Problem:
The answer must consist of each line of the records below that contains the string "Residential".

□ □ □

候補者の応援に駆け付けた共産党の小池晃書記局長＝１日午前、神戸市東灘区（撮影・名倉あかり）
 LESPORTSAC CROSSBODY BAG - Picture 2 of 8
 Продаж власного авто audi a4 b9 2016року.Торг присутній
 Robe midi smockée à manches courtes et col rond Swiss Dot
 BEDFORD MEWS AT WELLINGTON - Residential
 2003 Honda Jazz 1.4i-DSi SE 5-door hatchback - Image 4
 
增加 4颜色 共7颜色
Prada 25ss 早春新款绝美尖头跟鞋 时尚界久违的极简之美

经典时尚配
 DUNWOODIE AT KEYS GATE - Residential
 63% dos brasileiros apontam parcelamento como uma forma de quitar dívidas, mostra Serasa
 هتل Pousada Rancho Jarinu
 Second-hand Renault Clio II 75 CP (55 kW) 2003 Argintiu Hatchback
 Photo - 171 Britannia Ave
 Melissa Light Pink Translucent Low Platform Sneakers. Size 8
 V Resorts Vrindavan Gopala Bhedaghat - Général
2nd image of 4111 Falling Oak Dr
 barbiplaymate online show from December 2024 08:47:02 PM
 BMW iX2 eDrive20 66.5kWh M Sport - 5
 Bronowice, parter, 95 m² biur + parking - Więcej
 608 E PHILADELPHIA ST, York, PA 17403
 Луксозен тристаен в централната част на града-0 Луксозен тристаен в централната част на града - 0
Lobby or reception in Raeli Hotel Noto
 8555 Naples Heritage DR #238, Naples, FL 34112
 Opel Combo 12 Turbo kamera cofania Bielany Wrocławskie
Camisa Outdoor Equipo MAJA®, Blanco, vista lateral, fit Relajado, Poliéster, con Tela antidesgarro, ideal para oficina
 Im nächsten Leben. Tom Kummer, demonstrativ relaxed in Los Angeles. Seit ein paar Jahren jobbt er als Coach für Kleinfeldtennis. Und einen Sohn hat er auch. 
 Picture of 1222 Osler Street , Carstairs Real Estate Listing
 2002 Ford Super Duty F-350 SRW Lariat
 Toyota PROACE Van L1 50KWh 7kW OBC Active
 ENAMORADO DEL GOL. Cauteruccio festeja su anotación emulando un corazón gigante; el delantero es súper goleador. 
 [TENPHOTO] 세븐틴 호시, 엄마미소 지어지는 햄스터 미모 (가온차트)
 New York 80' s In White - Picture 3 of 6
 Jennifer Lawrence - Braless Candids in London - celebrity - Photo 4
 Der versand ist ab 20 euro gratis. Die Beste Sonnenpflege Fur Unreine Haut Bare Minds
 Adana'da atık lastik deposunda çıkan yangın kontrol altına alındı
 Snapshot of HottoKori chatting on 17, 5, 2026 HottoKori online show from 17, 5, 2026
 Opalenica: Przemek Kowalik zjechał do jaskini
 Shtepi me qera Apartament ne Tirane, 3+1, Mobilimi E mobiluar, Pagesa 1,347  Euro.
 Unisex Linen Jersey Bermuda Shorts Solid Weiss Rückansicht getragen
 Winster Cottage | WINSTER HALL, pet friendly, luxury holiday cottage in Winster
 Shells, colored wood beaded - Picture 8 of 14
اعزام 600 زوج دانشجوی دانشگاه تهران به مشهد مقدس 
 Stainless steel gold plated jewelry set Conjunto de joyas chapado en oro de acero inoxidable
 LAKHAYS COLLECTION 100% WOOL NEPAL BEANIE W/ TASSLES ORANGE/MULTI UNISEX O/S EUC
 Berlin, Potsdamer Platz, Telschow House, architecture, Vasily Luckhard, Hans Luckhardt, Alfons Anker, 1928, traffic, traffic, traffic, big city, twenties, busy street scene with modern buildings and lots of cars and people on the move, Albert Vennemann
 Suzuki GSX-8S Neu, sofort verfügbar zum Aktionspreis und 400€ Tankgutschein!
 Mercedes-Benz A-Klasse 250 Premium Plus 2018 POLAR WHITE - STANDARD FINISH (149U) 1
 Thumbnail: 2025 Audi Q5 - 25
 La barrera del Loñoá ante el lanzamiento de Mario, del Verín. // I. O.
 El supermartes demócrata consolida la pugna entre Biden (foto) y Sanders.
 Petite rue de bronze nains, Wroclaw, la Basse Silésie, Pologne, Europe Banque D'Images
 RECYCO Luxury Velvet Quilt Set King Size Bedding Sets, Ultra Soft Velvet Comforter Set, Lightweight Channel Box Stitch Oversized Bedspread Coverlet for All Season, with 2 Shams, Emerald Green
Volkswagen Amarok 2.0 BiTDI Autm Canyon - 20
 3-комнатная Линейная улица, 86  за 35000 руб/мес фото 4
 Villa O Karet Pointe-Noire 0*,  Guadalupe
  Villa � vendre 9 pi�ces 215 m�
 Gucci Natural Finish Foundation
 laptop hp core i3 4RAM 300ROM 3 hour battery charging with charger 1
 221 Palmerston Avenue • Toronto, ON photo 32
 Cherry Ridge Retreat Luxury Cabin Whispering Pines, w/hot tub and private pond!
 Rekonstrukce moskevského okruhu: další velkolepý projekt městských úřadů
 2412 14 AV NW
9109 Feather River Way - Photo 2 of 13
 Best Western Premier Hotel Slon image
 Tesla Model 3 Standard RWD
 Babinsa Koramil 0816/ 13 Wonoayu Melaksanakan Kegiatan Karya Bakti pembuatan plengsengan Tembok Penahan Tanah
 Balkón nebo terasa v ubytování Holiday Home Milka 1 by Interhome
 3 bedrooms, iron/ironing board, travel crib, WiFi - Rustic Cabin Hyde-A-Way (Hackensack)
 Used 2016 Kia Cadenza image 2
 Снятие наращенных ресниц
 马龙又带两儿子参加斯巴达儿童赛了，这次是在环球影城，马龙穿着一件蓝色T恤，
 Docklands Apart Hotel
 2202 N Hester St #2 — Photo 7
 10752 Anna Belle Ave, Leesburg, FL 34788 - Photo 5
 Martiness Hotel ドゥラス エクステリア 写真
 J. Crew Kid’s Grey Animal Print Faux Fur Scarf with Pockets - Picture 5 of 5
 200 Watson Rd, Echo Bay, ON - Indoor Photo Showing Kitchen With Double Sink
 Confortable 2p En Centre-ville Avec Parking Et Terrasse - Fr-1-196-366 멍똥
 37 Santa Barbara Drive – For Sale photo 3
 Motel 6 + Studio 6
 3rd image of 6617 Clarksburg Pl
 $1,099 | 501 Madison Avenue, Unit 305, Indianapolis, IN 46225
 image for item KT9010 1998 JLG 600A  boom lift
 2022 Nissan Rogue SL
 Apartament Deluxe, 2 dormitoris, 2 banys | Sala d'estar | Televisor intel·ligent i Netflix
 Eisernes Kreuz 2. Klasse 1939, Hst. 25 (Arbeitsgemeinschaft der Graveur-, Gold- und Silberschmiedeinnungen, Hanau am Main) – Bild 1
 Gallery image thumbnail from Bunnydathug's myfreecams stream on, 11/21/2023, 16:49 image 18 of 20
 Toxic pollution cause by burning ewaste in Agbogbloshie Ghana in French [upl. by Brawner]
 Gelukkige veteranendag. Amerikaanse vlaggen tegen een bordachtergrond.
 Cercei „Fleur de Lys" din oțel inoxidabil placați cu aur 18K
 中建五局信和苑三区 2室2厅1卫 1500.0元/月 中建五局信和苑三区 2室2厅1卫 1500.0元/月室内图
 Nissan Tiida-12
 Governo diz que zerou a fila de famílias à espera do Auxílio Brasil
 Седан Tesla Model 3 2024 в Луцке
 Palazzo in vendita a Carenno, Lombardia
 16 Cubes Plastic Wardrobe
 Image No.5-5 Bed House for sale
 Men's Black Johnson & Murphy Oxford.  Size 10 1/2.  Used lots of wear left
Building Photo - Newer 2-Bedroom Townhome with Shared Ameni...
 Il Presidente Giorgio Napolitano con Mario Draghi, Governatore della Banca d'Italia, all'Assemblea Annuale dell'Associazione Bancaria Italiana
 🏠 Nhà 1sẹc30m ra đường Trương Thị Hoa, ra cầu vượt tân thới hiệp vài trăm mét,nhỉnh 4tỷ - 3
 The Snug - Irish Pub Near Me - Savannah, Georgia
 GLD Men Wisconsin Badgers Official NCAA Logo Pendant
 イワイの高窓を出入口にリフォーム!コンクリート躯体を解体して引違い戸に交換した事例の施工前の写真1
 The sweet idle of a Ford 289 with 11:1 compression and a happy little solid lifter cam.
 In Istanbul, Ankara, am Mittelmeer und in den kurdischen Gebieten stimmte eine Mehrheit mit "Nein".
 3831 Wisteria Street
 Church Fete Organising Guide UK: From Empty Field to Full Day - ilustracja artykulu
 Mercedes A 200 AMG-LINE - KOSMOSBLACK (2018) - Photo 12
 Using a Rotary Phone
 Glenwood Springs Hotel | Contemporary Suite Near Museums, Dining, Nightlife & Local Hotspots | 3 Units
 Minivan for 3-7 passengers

□ □ □

Solution for this task:
 BEDFORD MEWS AT WELLINGTON - Residential
 DUNWOODIE AT KEYS GATE - Residential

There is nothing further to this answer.